Originally built in the 1960s, the Charles E. Young Research Library has been a staple for many students at UCLA. The library recent received an well-deserved facelift, undergoing numerous landmark renovations. Led by Perkins+Will, the library's renovations focused in on significant improvements across the board, including energy efficiency, technology, functionality and use of space. The LEED Gold targeted overhaul brought more natural daylight into the space, improved the study areas, increased collaborative work spaces, and made the library more flexible for the future modifications.
UCLA’s Charles E. Young Library was originally designed by A. Quincy Jones and Frederick E. Emmons in the 60s, but after the turn of the century had become outdated. Rather than tearing it down and building a new one, the university decided to renovate the structure, tasking Perkins+Will to ensure its usefulness in the future.

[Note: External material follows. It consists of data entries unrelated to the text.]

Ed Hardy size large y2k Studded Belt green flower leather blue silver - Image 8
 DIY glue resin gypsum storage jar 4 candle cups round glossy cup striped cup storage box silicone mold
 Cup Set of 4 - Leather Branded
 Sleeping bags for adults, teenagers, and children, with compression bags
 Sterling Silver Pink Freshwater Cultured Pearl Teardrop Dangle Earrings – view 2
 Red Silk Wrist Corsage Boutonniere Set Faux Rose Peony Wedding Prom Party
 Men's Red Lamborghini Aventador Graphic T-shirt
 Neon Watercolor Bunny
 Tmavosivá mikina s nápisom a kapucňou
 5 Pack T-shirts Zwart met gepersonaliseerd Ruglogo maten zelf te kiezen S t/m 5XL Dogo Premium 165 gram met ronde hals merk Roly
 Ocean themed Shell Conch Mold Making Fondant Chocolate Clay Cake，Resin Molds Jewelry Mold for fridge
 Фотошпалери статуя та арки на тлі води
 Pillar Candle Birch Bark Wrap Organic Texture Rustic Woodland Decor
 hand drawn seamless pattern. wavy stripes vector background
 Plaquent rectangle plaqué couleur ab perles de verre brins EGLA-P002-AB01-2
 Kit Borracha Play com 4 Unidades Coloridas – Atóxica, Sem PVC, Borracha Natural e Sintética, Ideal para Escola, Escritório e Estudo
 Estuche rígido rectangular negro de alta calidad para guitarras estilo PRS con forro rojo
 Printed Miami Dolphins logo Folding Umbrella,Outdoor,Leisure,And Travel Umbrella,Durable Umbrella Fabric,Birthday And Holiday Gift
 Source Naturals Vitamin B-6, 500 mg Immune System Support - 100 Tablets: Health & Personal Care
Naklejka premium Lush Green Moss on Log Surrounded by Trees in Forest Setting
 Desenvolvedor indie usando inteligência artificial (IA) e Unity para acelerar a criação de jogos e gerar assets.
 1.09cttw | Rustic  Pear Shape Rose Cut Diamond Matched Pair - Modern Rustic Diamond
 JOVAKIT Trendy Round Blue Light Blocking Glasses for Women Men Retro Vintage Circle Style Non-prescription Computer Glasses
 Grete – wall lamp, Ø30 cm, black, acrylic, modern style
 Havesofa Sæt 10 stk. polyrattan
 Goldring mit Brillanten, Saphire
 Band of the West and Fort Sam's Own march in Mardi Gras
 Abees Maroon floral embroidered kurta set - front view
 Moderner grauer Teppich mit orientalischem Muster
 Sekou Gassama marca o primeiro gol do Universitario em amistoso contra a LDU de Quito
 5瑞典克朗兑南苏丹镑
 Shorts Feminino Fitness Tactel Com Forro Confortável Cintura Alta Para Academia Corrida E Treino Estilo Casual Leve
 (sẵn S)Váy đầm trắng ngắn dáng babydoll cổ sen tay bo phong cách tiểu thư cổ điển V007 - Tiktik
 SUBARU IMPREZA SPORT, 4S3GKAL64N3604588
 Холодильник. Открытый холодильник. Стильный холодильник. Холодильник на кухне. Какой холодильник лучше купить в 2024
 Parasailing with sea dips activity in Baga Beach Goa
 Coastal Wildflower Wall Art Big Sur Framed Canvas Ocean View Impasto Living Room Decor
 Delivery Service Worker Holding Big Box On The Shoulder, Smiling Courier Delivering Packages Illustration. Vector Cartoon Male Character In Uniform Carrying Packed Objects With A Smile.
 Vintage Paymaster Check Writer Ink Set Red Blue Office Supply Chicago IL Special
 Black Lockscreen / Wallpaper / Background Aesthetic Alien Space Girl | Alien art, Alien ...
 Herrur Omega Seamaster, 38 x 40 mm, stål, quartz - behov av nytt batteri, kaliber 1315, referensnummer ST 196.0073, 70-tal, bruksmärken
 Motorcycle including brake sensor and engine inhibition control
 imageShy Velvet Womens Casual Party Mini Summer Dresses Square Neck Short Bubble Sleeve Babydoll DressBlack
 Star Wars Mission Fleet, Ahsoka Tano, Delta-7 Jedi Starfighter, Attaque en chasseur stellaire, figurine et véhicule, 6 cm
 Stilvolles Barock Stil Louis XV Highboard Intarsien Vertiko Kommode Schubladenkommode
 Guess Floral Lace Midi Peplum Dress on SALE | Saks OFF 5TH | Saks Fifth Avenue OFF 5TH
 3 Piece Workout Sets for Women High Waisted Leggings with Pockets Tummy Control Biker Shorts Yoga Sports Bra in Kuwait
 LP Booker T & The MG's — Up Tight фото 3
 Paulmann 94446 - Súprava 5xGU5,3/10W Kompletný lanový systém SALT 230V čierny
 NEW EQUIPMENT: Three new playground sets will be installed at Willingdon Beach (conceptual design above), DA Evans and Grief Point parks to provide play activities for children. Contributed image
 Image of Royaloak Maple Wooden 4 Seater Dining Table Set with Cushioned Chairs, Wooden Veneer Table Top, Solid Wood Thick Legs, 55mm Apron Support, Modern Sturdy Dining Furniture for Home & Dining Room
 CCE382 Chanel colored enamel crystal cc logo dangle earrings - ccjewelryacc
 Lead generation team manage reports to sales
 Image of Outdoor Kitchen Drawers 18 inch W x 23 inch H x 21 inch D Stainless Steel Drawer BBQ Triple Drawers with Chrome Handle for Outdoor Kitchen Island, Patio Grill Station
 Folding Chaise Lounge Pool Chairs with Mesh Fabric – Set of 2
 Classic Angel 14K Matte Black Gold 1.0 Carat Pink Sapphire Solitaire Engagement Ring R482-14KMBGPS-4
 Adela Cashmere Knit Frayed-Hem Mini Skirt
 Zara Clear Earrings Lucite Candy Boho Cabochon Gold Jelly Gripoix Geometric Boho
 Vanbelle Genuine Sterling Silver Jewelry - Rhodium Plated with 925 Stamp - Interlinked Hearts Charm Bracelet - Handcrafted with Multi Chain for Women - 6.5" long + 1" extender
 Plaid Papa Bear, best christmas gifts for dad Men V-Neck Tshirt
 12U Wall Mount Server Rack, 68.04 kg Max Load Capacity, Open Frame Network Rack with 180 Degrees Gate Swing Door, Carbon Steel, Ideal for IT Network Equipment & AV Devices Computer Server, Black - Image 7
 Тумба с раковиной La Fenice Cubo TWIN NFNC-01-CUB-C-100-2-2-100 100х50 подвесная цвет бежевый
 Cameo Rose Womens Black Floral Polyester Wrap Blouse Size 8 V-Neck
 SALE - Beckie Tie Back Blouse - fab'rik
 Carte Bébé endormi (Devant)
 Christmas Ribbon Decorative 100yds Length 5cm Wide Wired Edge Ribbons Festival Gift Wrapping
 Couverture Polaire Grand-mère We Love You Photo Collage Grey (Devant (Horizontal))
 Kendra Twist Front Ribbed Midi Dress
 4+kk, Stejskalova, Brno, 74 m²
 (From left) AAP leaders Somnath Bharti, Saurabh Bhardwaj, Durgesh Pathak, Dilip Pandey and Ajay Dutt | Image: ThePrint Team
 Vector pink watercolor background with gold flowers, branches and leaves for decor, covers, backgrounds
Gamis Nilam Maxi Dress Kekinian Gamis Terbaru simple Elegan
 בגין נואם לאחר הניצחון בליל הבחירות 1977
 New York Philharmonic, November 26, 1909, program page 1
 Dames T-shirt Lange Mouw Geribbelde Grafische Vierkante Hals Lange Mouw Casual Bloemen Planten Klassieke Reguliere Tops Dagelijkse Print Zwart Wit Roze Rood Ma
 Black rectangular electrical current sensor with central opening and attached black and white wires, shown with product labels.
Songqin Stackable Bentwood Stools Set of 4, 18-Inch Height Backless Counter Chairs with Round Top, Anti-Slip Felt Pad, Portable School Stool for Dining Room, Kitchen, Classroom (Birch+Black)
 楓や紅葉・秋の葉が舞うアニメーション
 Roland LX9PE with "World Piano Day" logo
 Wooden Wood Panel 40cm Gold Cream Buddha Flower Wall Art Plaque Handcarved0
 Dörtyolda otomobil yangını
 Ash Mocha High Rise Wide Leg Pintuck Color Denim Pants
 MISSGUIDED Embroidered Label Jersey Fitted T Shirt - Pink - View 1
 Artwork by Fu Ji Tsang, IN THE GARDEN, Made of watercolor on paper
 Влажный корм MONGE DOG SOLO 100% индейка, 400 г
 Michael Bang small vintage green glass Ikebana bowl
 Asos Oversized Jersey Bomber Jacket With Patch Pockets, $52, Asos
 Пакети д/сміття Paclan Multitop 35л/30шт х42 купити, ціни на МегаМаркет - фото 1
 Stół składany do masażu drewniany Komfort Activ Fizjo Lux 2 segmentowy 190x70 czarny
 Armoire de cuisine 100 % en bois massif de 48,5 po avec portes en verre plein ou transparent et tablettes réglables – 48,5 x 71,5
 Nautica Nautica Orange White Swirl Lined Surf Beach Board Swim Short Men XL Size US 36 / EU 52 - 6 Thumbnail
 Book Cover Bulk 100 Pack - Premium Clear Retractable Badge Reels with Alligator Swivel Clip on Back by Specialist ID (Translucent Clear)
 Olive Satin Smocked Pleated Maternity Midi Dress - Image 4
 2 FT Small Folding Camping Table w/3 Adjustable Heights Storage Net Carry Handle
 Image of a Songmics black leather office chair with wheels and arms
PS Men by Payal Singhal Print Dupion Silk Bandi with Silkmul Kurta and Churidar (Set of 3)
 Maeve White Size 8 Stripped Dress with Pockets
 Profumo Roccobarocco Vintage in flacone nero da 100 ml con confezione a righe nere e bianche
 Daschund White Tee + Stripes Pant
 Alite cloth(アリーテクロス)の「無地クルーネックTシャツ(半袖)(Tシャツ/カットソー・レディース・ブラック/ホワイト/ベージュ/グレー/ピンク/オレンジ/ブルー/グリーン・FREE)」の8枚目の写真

“Guided by the themes of discovery, journey and collaboration, we developed these new spaces to support pedagogy and research both now and into the future,” said UCLA University Librarian Gary E. Strong in a press release. “Academic research libraries are no longer defined by their physical collections, and this redesign reshapes our collection access, services, and facilities to support our users throughout their academic and professional careers.”
In accordance with University of California policy, the renovations adhered to green building principles established by the USGBC and the renovation is expected to receive a LEED Gold certification for Commercial Interiors 2.0. The renovation firstly improved the spaces within to create better private study areas, collaborative rooms, improve the technology and digital systems for the library’s use and improve the overall aesthetic to make the space feel more welcoming. Perkins+Will also opened up the building to fill the interior with more natural daylight and reduce potable water usage. The building receives most its energy via wind power, has 95% Energy Star compliant equipment, boasts a robust recycling program, and during construction it diverted 90% of its waste from landfills.
Since re-opening in the fall of 2011, the library has become much more popular and has seen twice as many visitors as the previous year, before the renovation.